Grupo A: recomendações fortes; tire um tempo e pare para ouvir.
- Boxers: demo pilé. Um som insistente e extravagante de fita k7 podre, em uma progressiva quase revelação de um texto, mas m clima de invocação demoníaca. A fita quer extrair do texto seus ritmos ruidosos e nisso insere mistério ao ambiente.
- Gustavo Torres & J.-P. Caron: ~Ø (não-vazio) m.p.s.s.t.n.g.g.c.o.p.p.g.. Processo de acumulação de ruídos de dois meios – vinil e k7, a princípio reproduzidos sem conteúdo gravado.
- Henrique Iwao: Coleções Digitais. Todos as amostras contendo um tipo de som na trajetória de um artista, costuradas detalhadamente, como todos os vocais do Michael Jackson na sua discografia de estúdio, que não são palavras nem vocalizes melódicos. (fui eu mesmo quem fez, mas isso não é desculpa para deixar de fora)
- Jute Gyte: Oviri. Mistura entre black metal e música de concerto contemporânea, sem deixar de ser dinâmica, fluída e empolgante.
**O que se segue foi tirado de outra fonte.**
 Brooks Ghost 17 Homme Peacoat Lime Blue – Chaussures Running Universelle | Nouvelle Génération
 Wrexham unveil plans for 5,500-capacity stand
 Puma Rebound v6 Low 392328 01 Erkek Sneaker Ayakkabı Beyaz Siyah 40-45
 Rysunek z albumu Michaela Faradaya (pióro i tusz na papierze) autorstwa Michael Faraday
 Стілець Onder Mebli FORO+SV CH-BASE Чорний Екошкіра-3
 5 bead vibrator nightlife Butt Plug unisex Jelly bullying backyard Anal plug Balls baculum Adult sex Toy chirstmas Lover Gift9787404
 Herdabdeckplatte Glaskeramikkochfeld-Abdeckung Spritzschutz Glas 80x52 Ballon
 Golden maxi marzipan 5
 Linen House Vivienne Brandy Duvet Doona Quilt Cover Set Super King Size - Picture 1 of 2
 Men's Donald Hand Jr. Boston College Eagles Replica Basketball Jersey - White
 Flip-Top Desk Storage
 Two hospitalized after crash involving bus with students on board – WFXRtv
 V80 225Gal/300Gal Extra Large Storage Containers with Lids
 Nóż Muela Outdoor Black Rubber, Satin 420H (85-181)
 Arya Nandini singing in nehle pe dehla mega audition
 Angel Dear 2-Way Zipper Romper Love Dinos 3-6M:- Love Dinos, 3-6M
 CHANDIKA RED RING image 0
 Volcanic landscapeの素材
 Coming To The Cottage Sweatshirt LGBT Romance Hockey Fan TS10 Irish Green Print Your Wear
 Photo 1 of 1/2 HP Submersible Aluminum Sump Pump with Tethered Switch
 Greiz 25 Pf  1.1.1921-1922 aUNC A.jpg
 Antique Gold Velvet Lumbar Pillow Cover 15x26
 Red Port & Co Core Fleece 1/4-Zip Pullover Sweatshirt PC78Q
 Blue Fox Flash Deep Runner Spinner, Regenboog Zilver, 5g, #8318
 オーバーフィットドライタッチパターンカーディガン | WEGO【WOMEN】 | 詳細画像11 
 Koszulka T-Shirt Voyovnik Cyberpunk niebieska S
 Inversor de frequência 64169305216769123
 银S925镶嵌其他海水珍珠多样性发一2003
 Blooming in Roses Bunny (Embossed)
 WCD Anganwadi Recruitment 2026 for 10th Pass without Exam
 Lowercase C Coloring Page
O equilíbrio entre o rápido demais e o fraseado inteligível, formando camadas separadas na velocidade mas que se conectam no todo é notável.
Grupo B: escute se a descrição te interessa ou se há tempo para.
- Gnod: Just Say No to the Psycho Right-Wing Capitalist Fascist Industrial Death Machine. Rock barulhento, com efeitos kraut e aqui e ali buscando a energia bruta que nasce do movimento interno à repetição insistente.
- Klein: Tommy (HDB112). Um álbum que substituiu, ao meu ver, aquilo que poderia ter sido, quiçá, oferecido por um Burial. Fantasmas no/do pop.
- Morgan Evans-Weiler: Unfinished Variations (for Jed Speare): violino solo, paciente e sensível, explorando certas notas e suas nuances.
- Richard Dawson: Peasant. Não achei tão incrível quanto o Nothing Important, mas ainda assim um belo álbum, de melodias boas de cantar e letras meio beats. Há uma tentativa de conjugar a guitarra de cordas muito soltas e que desafinam e a voz que estoura de propósito e grita de Dawson com grupos instrumentais tocando de forma convencional.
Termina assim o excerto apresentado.